The eight categories to be aired retroactively as part of the awards broadcast on March 27 include film editing, make-up and hairstyling, production design, animated short and sound.
The statement released by IATSE President Matthew Loeb said, “By the nature of our jobs, behind the scenes, workers get little recognition as is, despite being the backbone of every production. The Academy Awards has been virtually the only venue where the very best on and off the big screen, above and below the line gather to honor each other’s incredible contributions through their crafts, inspiring millions who tune into the TV Broadcast in the process. We believe a deviation for some crafts and categories but not others is detrimental to this fundamental purpose. While the Academy made accommodations to include these categories in the broadcast, our position remains that the awards should put all the positions that make pictures possible on equal footing. If the winners walk away with the same trophy, then the winners deserve the same recognition. I urge the Academy to reconsider.”

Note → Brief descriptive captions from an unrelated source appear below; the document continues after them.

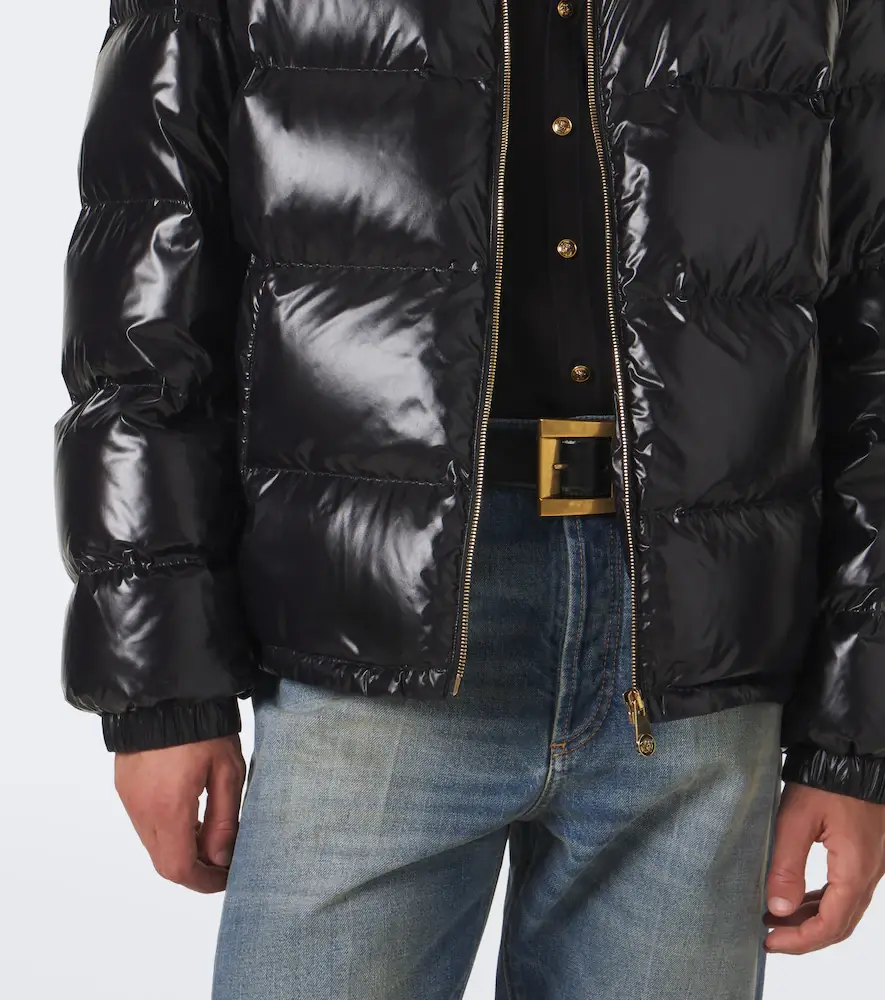 Versace Barocco hooded down jacket | Thumbnail 2 Versace Barocco hooded down jacket | Thumbnail 2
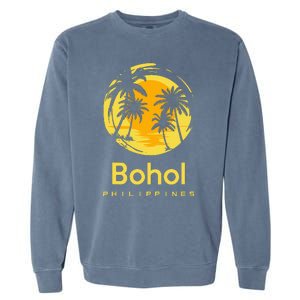 Bohol Philippines Garment-Dyed Sweatshirt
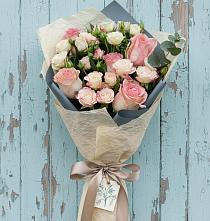 Букет цветов из:  Розы #REPLACE_PRED# Северном Новосибирской области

Last month, it was announced that in efforts to create a more television-friendly broadcast, the Academy would not present every category live on air. Instead, it would hand the awards out an hour before the live telecast and weave them into the broadcast.
During an interview with Variety, Will Packer, who is producing the telecast this year, stood by the call, saying, “I think it was the right decision. We have to understand that the Academy Awards show as we know it is at an inflection point. The next coming years, especially this year, are going to be a harbinger for what this show will become.”
However, the reaction to the Oscars’ new format was met with strong reactions from the industry. Additionally, Guillermo Del Toro and Jane Campion have both spoken out about the decision.
In Variety’s special Artisans report, former winners and current nominees joined senior artisans editor Jazz Tangcay to express the shared sentiment that their work wasn’t feeling as valued. Tangcay was joined by Randy Thom; editor Myron Kerstein, nominated this year for “Tick, Tick … Boom!”; hair department head Mia Neal, an Oscar winner for 2020’s “Ma Rainey’s Black Bottom”; editor and composer John Ottman, who won for editing for 2019’s “Bohemian Rhapsody”; and director Ben Proudfoot, nominated for documentary short subject for “The Queen of Basketball.”
“What offends me is that somebody in the Academy would claim to or imply that they know which crafts are more important and more deserving of respect than time than other crafts,” said Thom.